== EXERCISE INPUTS ==
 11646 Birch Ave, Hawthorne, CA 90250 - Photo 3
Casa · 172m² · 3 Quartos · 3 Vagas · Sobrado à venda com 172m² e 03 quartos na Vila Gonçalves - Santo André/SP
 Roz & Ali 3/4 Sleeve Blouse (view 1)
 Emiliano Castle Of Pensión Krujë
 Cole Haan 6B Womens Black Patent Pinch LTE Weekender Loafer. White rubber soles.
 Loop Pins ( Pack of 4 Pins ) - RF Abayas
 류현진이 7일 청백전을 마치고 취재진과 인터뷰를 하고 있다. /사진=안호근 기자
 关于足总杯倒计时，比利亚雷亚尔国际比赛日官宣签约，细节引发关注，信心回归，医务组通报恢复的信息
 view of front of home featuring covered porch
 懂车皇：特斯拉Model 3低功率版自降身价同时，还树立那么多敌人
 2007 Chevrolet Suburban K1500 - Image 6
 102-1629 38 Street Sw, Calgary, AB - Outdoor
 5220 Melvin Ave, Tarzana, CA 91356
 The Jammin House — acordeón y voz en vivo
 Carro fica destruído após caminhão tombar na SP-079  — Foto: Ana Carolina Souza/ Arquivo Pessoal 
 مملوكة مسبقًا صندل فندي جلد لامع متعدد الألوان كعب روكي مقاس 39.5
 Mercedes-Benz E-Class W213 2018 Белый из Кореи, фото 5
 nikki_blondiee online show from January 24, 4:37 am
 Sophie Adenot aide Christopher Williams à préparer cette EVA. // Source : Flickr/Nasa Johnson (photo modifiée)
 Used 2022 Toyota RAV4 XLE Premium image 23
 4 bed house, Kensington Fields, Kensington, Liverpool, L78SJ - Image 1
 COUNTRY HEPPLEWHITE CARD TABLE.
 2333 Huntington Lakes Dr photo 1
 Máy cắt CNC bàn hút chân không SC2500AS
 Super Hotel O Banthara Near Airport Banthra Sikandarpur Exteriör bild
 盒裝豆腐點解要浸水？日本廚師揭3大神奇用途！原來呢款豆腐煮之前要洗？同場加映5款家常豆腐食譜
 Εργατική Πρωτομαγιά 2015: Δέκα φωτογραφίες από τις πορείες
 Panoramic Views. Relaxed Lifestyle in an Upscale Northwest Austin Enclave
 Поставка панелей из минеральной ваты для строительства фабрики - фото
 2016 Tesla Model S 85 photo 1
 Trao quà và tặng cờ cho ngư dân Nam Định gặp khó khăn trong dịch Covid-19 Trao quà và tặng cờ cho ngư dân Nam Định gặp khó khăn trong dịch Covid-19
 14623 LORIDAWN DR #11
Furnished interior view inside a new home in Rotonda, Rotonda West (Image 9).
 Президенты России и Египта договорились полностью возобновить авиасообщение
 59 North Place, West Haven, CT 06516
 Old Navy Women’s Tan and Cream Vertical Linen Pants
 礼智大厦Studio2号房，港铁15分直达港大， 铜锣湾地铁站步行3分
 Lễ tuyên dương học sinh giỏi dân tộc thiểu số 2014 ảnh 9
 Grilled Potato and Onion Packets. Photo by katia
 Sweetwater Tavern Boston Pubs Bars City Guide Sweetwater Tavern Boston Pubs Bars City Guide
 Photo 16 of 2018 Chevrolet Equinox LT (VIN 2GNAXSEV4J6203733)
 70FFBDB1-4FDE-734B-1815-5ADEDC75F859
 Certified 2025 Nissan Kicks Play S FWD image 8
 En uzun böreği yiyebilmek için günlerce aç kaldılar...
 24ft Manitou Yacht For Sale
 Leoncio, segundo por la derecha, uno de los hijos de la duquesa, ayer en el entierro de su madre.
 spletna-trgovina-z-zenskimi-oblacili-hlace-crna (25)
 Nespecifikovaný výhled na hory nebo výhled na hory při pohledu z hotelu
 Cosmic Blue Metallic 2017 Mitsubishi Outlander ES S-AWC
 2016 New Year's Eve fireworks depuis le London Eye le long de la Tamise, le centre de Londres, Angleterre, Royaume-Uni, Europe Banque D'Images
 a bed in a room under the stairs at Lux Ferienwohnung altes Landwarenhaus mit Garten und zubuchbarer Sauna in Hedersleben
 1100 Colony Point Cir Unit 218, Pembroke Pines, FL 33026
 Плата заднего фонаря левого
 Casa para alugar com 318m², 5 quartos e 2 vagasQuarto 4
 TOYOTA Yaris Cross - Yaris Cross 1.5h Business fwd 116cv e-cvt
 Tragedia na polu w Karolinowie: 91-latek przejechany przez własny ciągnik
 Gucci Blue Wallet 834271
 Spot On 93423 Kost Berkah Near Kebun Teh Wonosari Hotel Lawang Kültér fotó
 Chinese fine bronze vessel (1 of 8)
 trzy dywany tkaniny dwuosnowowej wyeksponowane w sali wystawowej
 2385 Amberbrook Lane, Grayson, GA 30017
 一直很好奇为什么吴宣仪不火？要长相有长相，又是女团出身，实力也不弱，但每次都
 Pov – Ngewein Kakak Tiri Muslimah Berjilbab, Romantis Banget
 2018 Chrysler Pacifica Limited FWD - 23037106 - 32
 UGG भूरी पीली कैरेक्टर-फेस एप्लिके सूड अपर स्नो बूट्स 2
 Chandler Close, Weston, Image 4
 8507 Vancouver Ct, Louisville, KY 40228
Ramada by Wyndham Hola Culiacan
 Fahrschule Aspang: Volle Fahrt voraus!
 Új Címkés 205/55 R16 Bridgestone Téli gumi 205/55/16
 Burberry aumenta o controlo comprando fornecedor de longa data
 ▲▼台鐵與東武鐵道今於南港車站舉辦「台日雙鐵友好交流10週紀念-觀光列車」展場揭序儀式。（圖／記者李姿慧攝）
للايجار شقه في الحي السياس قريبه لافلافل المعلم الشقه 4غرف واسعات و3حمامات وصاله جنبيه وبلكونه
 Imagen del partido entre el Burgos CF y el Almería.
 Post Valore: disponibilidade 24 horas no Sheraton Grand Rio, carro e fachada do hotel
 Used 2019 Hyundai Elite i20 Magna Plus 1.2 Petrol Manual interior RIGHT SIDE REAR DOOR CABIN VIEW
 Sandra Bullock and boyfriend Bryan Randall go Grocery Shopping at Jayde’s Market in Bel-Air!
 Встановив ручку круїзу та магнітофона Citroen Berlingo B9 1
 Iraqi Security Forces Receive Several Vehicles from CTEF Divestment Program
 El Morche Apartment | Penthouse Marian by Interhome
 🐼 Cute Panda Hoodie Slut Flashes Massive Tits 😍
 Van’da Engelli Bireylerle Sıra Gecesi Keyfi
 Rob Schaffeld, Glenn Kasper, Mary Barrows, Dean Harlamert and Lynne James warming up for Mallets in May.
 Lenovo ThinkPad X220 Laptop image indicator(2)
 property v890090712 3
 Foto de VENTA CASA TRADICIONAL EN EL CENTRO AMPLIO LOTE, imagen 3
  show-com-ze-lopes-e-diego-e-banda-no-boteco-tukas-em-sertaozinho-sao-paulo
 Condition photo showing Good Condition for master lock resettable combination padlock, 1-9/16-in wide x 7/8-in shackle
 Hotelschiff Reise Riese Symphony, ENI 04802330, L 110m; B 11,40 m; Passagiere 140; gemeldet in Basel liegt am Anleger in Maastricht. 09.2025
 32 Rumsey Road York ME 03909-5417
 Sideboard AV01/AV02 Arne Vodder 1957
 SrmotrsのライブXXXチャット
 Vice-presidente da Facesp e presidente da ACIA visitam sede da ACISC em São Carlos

== ASSIGNED TASK ==
Please output the lines of the listing above that fall in the stretch from the one with "En uzun böreği" through the one with "للايجار شقه في", exactly and only those.

== TASK RESPONSE ==
 En uzun böreği yiyebilmek için günlerce aç kaldılar...
 24ft Manitou Yacht For Sale
 Leoncio, segundo por la derecha, uno de los hijos de la duquesa, ayer en el entierro de su madre.
 spletna-trgovina-z-zenskimi-oblacili-hlace-crna (25)
 Nespecifikovaný výhled na hory nebo výhled na hory při pohledu z hotelu
 Cosmic Blue Metallic 2017 Mitsubishi Outlander ES S-AWC
 2016 New Year's Eve fireworks depuis le London Eye le long de la Tamise, le centre de Londres, Angleterre, Royaume-Uni, Europe Banque D'Images
 a bed in a room under the stairs at Lux Ferienwohnung altes Landwarenhaus mit Garten und zubuchbarer Sauna in Hedersleben
 1100 Colony Point Cir Unit 218, Pembroke Pines, FL 33026
 Плата заднего фонаря левого
 Casa para alugar com 318m², 5 quartos e 2 vagasQuarto 4
 TOYOTA Yaris Cross - Yaris Cross 1.5h Business fwd 116cv e-cvt
 Tragedia na polu w Karolinowie: 91-latek przejechany przez własny ciągnik
 Gucci Blue Wallet 834271
 Spot On 93423 Kost Berkah Near Kebun Teh Wonosari Hotel Lawang Kültér fotó
 Chinese fine bronze vessel (1 of 8)
 trzy dywany tkaniny dwuosnowowej wyeksponowane w sali wystawowej
 2385 Amberbrook Lane, Grayson, GA 30017
 一直很好奇为什么吴宣仪不火？要长相有长相，又是女团出身，实力也不弱，但每次都
 Pov – Ngewein Kakak Tiri Muslimah Berjilbab, Romantis Banget
 2018 Chrysler Pacifica Limited FWD - 23037106 - 32
 UGG भूरी पीली कैरेक्टर-फेस एप्लिके सूड अपर स्नो बूट्स 2
 Chandler Close, Weston, Image 4
 8507 Vancouver Ct, Louisville, KY 40228
Ramada by Wyndham Hola Culiacan
 Fahrschule Aspang: Volle Fahrt voraus!
 Új Címkés 205/55 R16 Bridgestone Téli gumi 205/55/16
 Burberry aumenta o controlo comprando fornecedor de longa data
 ▲▼台鐵與東武鐵道今於南港車站舉辦「台日雙鐵友好交流10週紀念-觀光列車」展場揭序儀式。（圖／記者李姿慧攝）
للايجار شقه في الحي السياس قريبه لافلافل المعلم الشقه 4غرف واسعات و3حمامات وصاله جنبيه وبلكونه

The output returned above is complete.